If you see "All Examples are Labeled", this means all your training examples are labeled by at least one LF.

In [None]:
# You can filter for unlabeled data
try:
    df_unlabeled = df_train[~df_train.index.isin(df_train_filtered.index)]
    sample = df_unlabeled.sample(5)
    update_stats({"examples": sample, "label": "unlabeled"}, "show_examples")
    display(sample[["text", "pred_label"]])
except ValueError as e:
    print("All examples are labeled.

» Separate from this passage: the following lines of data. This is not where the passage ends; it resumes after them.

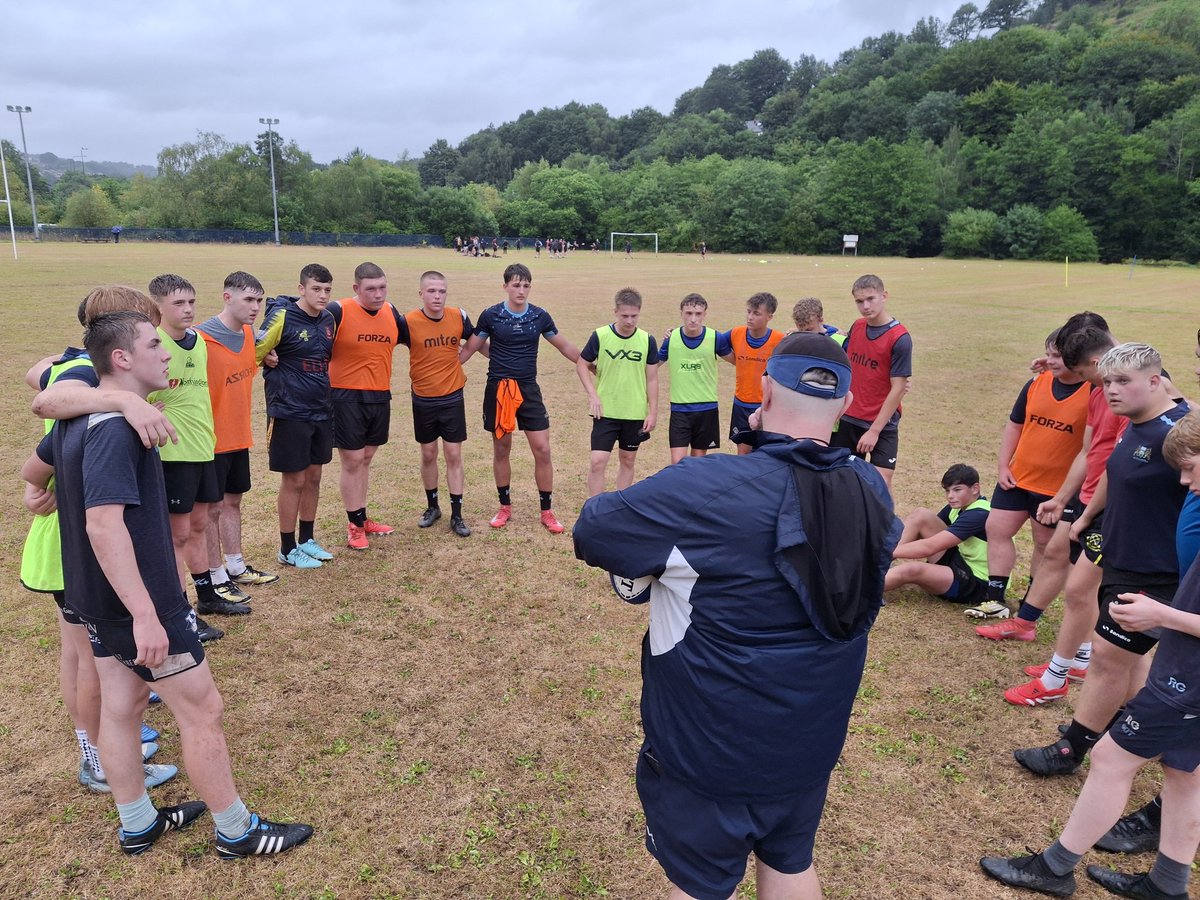 Newbridge Vikings (@vikings15s) on Twitter photo There was this thing called rain in the sky yesterday at training. Didn't dampen <a href="/Vikings16s/">Newbridge Vikings</a> spirits though. We are into our 3rd week of Pre-Season and boys are looking sharp!! Looking forward to our 10th and Final Season as M&Js!! Where has the time gone!! #Vikings #10thSeason There was this thing called rain in the sky yesterday at training. Didn't dampen <a href="/Vikings16s/">Newbridge Vikings</a> spirits though. We are into our 3rd week of Pre-Season and boys are looking sharp!! Looking forward to our 10th and Final Season as M&Js!! Where has the time gone!! #Vikings #10thSeason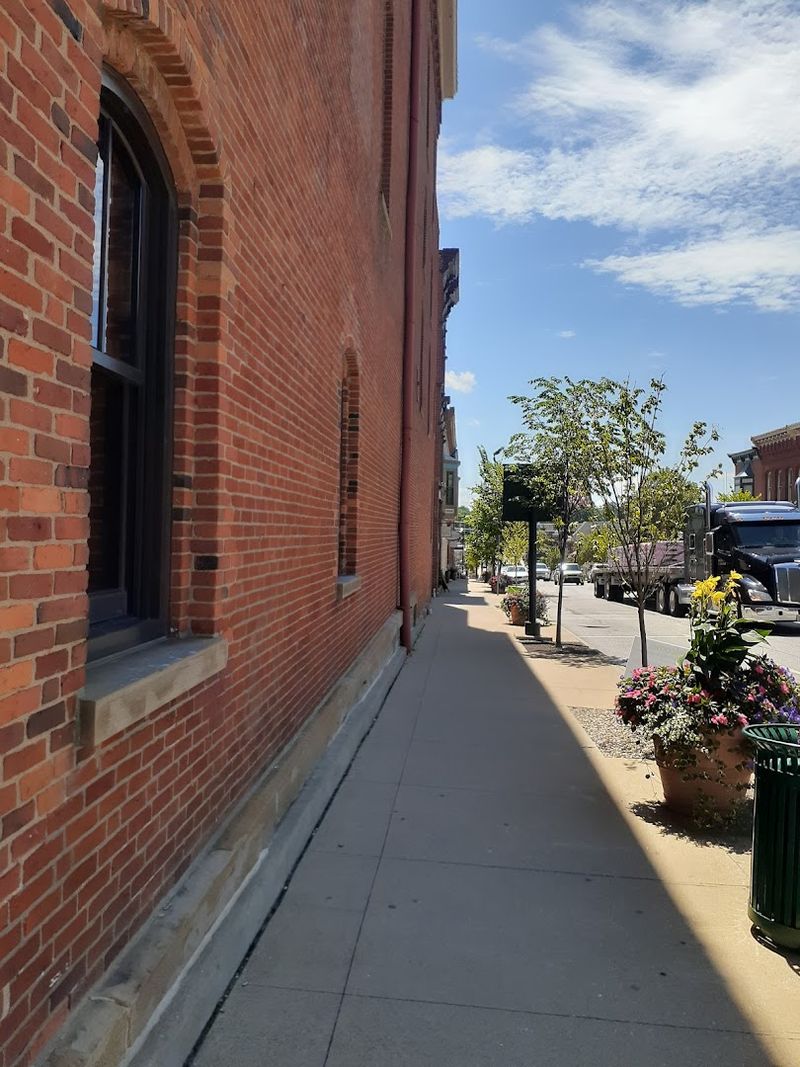 This Picture-Perfect Ohio Town Is Packed With Small-Town Charm - Decor Hint Tips For Planning It All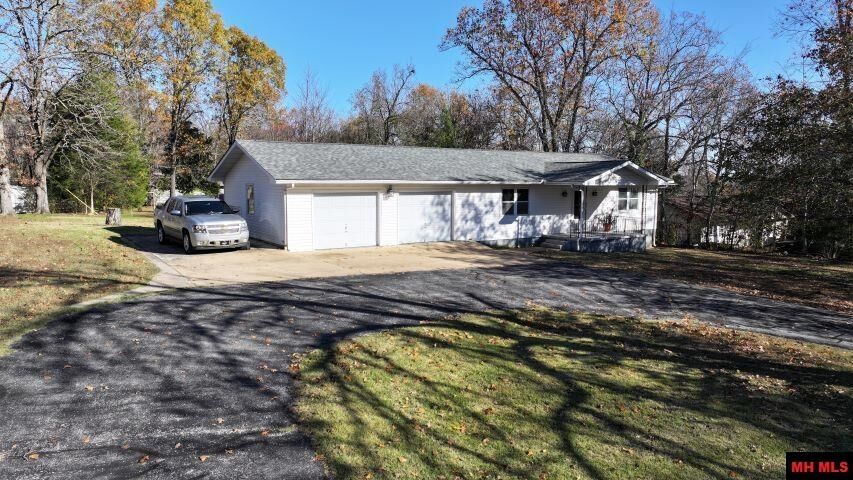 Property Photo: 217 Kingswood Boulevard AR 72653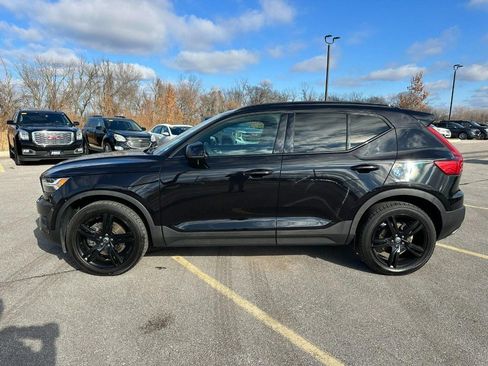 Used 2020 Volvo XC40 T5 R-Design image 2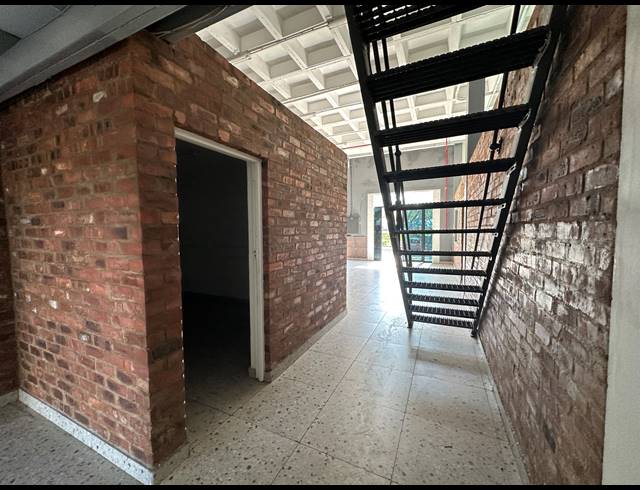 200M² WAREHOUSE TO LET IN HIGHVELD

Showing Lowest Coverage examples.")
    label_sums = (L_train != -1).sum(axis=1)
    print("\nExamples with lowest coverage: ({})".format(min(label_sums)))
    sample = df_train[label_sums == min(label_sums)].head()
    update_stats({"examples": sample, "label": "unlabeled"}, "show_examples")
    display(sample[["text", "pred_label"]])

### View Incorrectly Labeled Examples

__FOR ONE (1) GIVEN LABELING FUNCTION__ see some examples where it underperforms.

In [None]:
# view some incorrectly labeled examples for a given LF
j = 2
# set j to match the value of the LF you're interested in
df_dev["label_from_this_LF"] = L_dev[:,j]
sample = df_dev[L_dev[:,j]==abs(df_dev["label"]-1)]
display(sample)
update_stats({"examples": sample, "label": "incorrect", "lf_id": j}, "show_examples")

# Train Model

The size and accuracy of the training data isn't really enough to know how "good" the training data is. 

For this, we can train a simple bag of words model on these labels, and see test accuracy.

(This step may take a while).

In [None]:
stats = train_model(label_model, L_train)
display(stats)





## FINISHED?

### It's time to save.

When your time is up, please save your explanations and model!

In [None]:
# Enter your name (for file naming)
YOUR_NAME = ""

In [None]:
!mkdir snorkel_tutorial

In [None]:
label_model.save("snorkel_tutorial/lfmodel.pkl")
%history -p -o -f snorkel_tutorial/history.log
!cp snorkel_tutorial.ipynb snorkel_tutorial/notebook.ipynb

In [None]:
assert len(YOUR_NAME) != 0
save_model(YOUR_NAME, "Snorkel", "News")

...And you're done with the tutorial! 

## THANK YOU :]